Dari sisi konservasi, tulisan ini mencoba menawarkan pilihan selain konversi lahan kawasan hutan khususnya hutan alam (natural forests).
Baca juga: Pemerintah Gelontorkan Rp 5,1 Triliun untuk Food Estate di Kalteng
Menurut data Indonesia Biodiversity Action Plan (IBSAP), hutan tropis Indonesia menjadi tempat tinggal 13 persen jenis mamalia dunia, 16 persen jenis reptilia, 17 persen jenis burung serta tempat tumbuhnya, 10 persen jenis tanaman berbunga dunia.
Hutan alam tropis Indonesia merupakan satu dari lima lokasi dengan nilai kekayaan keaneragaman tertinggi di dunia.
Nilai dari suatu hutan tropis dapat dilihat dari nilai ekonomi, penyerapan karbon, layanan jasa lingkungan, wisata, serta agroforestry.
Rangkuman beberapa kajian yang dilakukan oleh The Economics of Ecosystems and Biodiversty (TEEB) menyebut nilai hutan tropis antara 2.000-20.000 dollar AS per ha per tahun.
Sementara nilai hutan di Sumatera dan Kalimantan berada di angka 3.000-15.000 dollar AS per ha per tahunnya.
Luasan kawasan hutan yang dapat dikonversi yang mencapai 20,6 juta ha itu sendiri, lahir dari perhitungan Kementerian Kehutanan pada Desember 2024, dengan mengacu pada luasan kawasan hutan belum berizin, kawasan hutan produksi yang belum berizin serta kawasan hutan yang sudah berizin.
Lantas, apakah benar 20,6 juta ha kawasan itu saat ini semuanya sudah tidak ada pepohonannya?
Sebab jika melakukan konversi pada kawasan yang masih memiliki tutupan hutan, hal ini akan mengakibatkan pengurangan stok karbon yang akan meningkatkan emisi karbon ke atmosfer.
Bagi para akademisi dan lembaga lingkungan hidup, dampak tersebut merupakan ancaman bagi kawasan hutan di Indonesia yang selama ini sudah mengalami degradasi dan deforestasi.
Sebagai ilustrasi, kawasan hutan yang memiliki nilai biomasa 204,10 ton jika dikonversi menjadi perkebunan, maka hanya akan menyisakan biomasa 161,23 ton.
Sehingga terjadi pengurangan biomasa sebesar 42,87 ton/ha.

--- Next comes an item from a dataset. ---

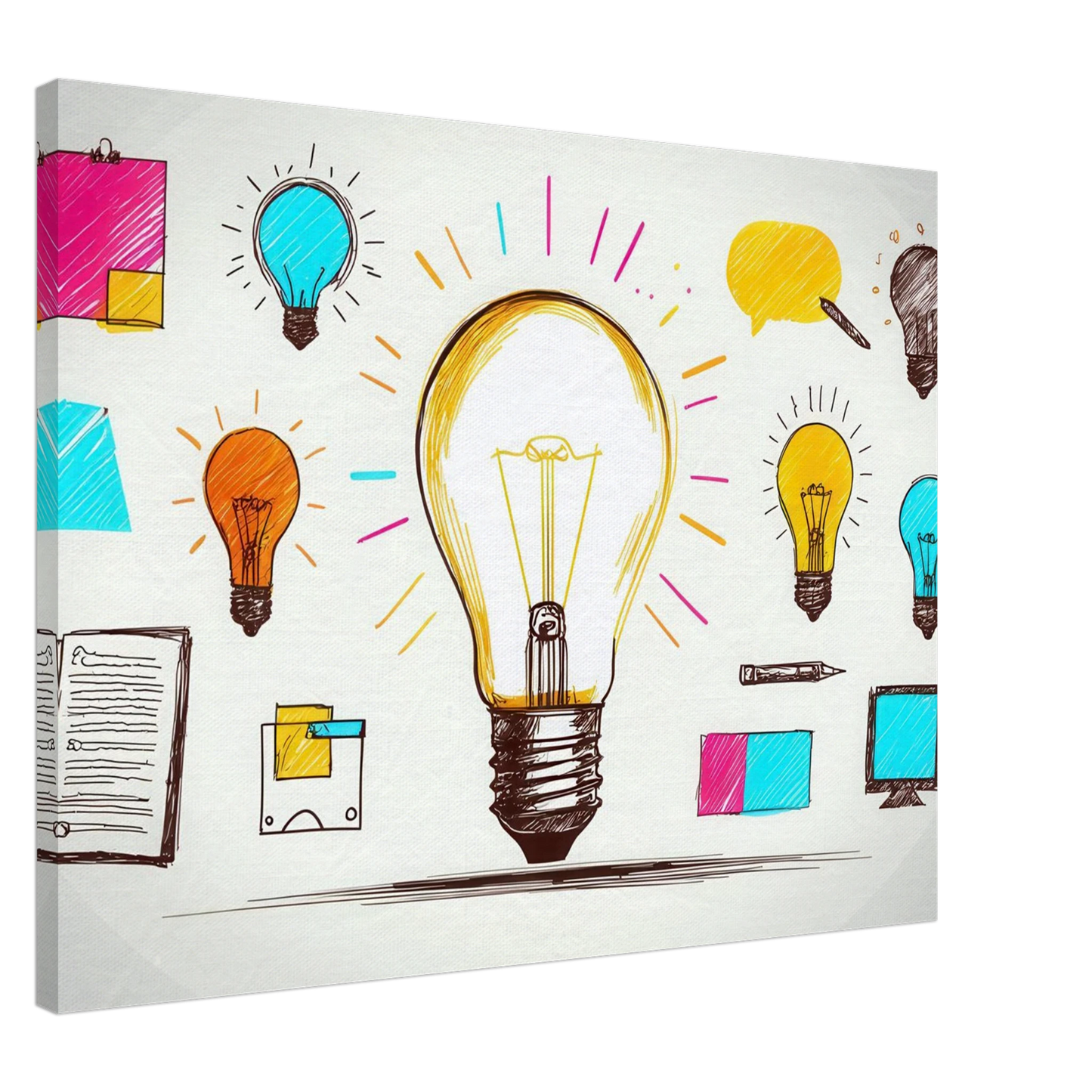 Wandbild pop art skizzen brillante ideen in lebendigen farben dein kreativer akzent fuer jeden raum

Jika dikonversi ke carbon 42,87 x 0,47 = 20,15 yang akan menghasilkan emisi CO2 sebesar 73.95 ton Co2/ha.
Baca juga: Mengapa Food Estate Sebelumnya Gagal? Mentan Amran Beri Jawabannya
Tentu saja kebijakan pangan dan energi tidak akan mengubah 20,6 juta ha hutan. Namun, sebagai ilustrasi, jika 20,6 juta ha diubah menjadi perkebunan, maka akan ada emisi sebesar 1.479 mega ton CO2 equivalent.
Belum lagi dengan nilai hutan alam tropis di kisaran 3.000 – 15.000 dollar AS per ha per tahun, maka dengan mengonversi 20,6 juta ha hutan artinya Indonesia harus siap kehilangan 60 miliar dollar AS per ha per tahun. Ini belum termasuk risiko kehilangan kekayaan keanekaragaman hayati yang sepenuhnya tidak bisa dipulihkan.
Salah satu langkah konkret yang sudah sejak lama disuarakan berbagai pihak, yaitu mengevaluasi kebijakan serupa yang sudah dilakukan sebelumnya oleh pemerintah seperti food estate.
Proyek food estate lahan gambut 1 juta ha di Kalimantan Tengah, misalnya, apakah sudah membuahkan hasil? Lalu bagaimana dengan proyek pengembangan food estate di Papua seluas 1,2 juta ha, serta food estate di Sumatera Utara apakah ada yang berhasil?
Sementara di sisi lain, ada beberapa program yang seharusnya lebih diperhatikan Indonesia demi meningkatkan produktivitas pangan.
Badan Pusat Statistik mencatat luas panen padi pada 2024 diperkirakan sekitar 64.190 ha, atau bertambah 5.580 ha (9,52 persen) dibandingkan luas panen padi di 2023.
Badan Pangan Nasional bahkan memperkirakan produksi beras nasional sepanjang tahun tersebut sebanyak 31,93 juta ton ditambah kuota impor sebanyak 433.000 ton.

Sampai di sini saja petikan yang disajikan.